A maré vai virar: essa é a luta que UNE a juventude cansada da velha política!

12/abr/2013, 15h42

Em um momento importante de construção de uma nova política e de reorganização da juventude, o jovem dirigente de Sumaré (SP), rompe com a União da Juventude Socialista para ingressar nas fileiras do Juntos! Esse passo é a mostra de que muitos jovens também tomarão a mesma atitude, de construção de uma juventude sem amarras com as antigas estruturas e que se somarão aos esforços da construção de novas alternativas. A maré está virando: no Brasil inteiro, a juventude indignada está se unindo por outro futuro. É a maré nos novos tempos que inunda a política.

Leia a carta de ruptura de Welinton H. Pereira, jovem dirigente estadual (SP) e ex-presidente da UJS Sumaré, rompeu com sua organização e acaba de ingressar em nossas fileiras:

“Venho por meio deste declarar oficialmente meu total desligamento da União da Juventude Socialista, que explico através destas linhas os meus motivos pessoais, ligados diretamente ao meu atual posicionamento político na conjuntura nacional-internacional, que é totalmente diferente ao da instituição, além de claro alguns desacertos ideológicos, que sempre me incomodaram.

O respeito pela historia da UJS permanece, seu passado nos trouxe grandes conquistas, e o seu presente, em algumas oportunidades, presta ainda serviços honrados à luta em alguns campos, porém o que me incomoda e me revolta, é o total estado de servidão a política de migalhas, ao passo do mínimo nunca conquistaremos a revolução.

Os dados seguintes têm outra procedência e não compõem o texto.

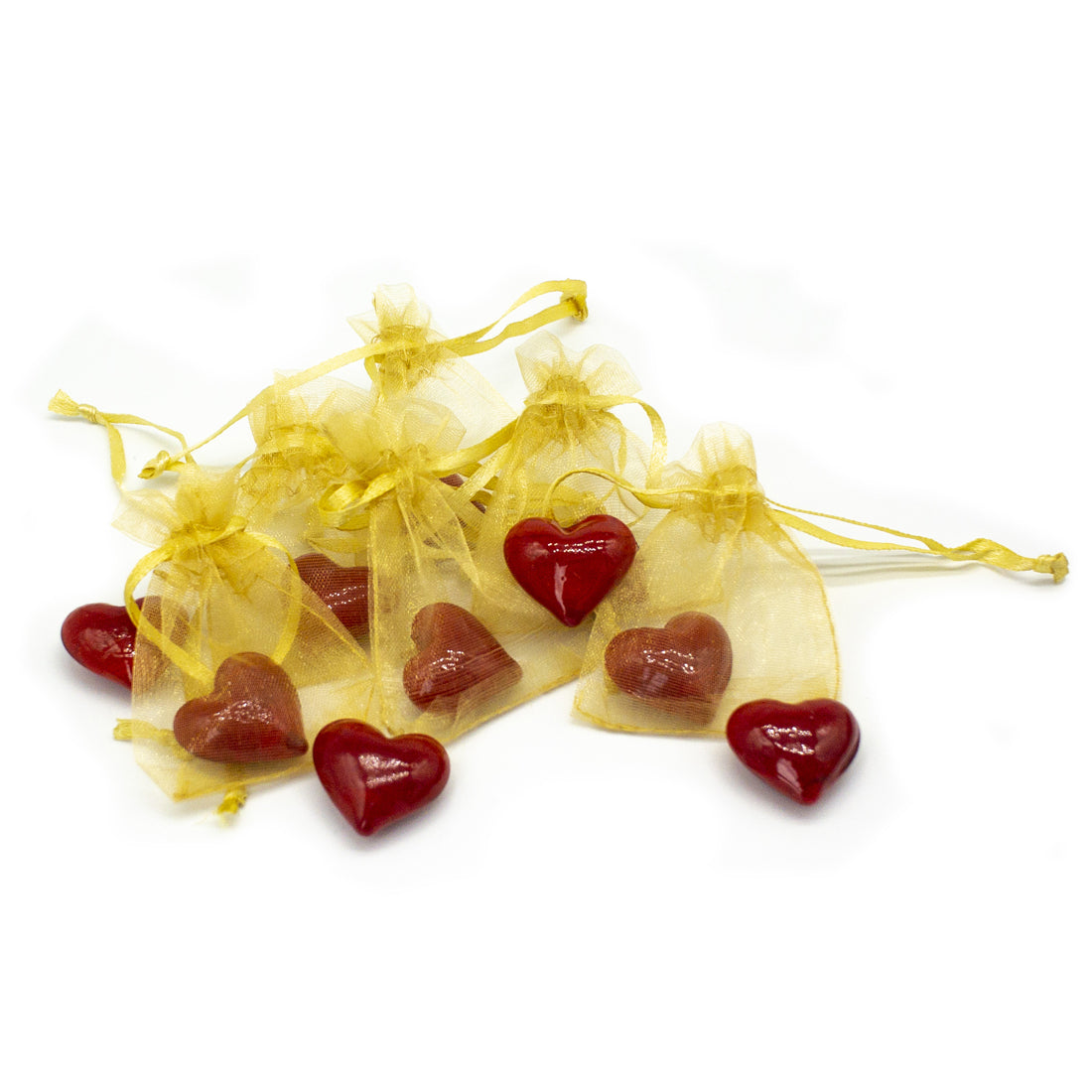 Red Glass Hearts – set of 50 – Original Source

E, sobretudo, o que nunca entrou em minha cabeça é tratar a militância como rebanho, é reunir os jovens em passeatas e congressos, sem nenhum tipo de orientação, preparação… Estou presente na luta pelos direitos da juventude desde muito cedo, tão cedo que hoje, mesmo ainda jovem, já tenho quase uma década de militância nos movimentos sociais. Nesse tempo aprendi muita coisa, e quando digo coisa, generalizo as experiências, ideologias e as lições que a vida nos traz…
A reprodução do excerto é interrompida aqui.